Think about it: Your AI models will eventually ingest and process vast amounts of user data to provide personalized insights, predict churn, or automate sales tasks. If the source user data is inconsistent or unreliable, your AI insights become garbage. A well-structured relational database ensures clean, consistent data, which is paramount for effective AI.

In big tech, we often see a hybrid approach: RDBMS for critical, highly consistent core data, and NoSQL databases (like Cassandra, DynamoDB, MongoDB) for high-volume, eventually consistent, or unstructured data (e.g., user activity logs, real-time recommendations caches, large-scale event streams). We'll explore these later, but for our CRM's heart, PostgreSQL is the right call for now. It provides the "source of truth" for our users.

Component Architecture: PostgreSQL in Our CRM

Component Architecture

Today, PostgreSQL becomes the backend's persistent storage layer. Our React frontend (from Day 2) will eventually talk to a backend API (which we'll build next), and that backend API will, in turn, communicate with PostgreSQL to store and retrieve data.

(Imagine a clean SVG diagram here: React Frontend -> Backend Service -> PostgreSQL Database)

Control Flow and Data Flow: Getting Data In and Out

Flowchart

For today, our "backend" is essentially a set of direct SQL commands.

Control Flow: We (as developers) execute SQL commands.
Data Flow:

We send CREATE TABLE (DDL - Data Definition Language) to define our users table.
We send INSERT (DML - Data Manipulation Language) to add a user.
We send SELECT (DML) to retrieve user data.
PostgreSQL processes these commands and either modifies its internal state (for DDL/INSERT) or returns data (for SELECT).

State Changes: From Empty Canvas to User Registry

State Machine

Our database starts as an empty canvas. Today, we'll transition it through these states:

Database Created: An empty crm_db exists.
users Table Created: The schema for users is defined.
User Record Inserted: Our first user exists in the table.

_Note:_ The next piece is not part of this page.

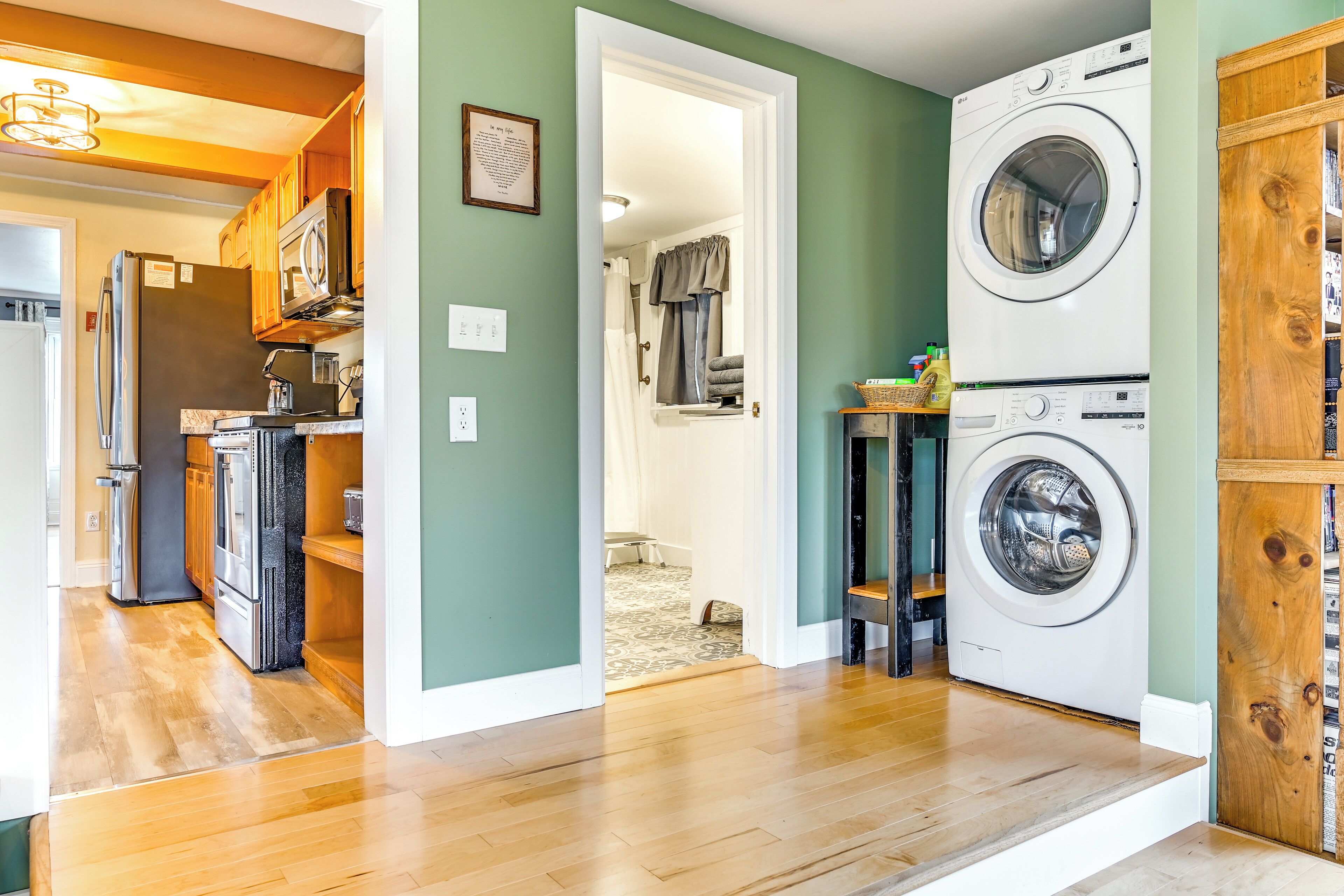 A compact laundry room with a washing machine and dryer, wooden cabinets, and a microwave.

Sizing for Real-time Production Systems (100M RPS)

A users table is deceptively simple. At 100M RPS, this table becomes a critical hot-spot. How do big systems handle it?

Sharding: Breaking the users table into smaller, independent databases based on a key (e.g., user ID range, geographical region). Each shard handles a subset of users.
Read Replicas: Creating multiple read-only copies of the database to distribute read traffic. Writes still go to the primary.
Connection Pooling: Managing database connections efficiently from the application layer to avoid overhead.

For now, we're starting simple, but keep these concepts in your back pocket. The principles of good schema design and understanding query patterns today will pay dividends when you're thinking about sharding strategies tomorrow.

Hands-On: Setting Up PostgreSQL and Creating Our First User

Let's get practical. We'll use Docker for a quick, isolated PostgreSQL instance.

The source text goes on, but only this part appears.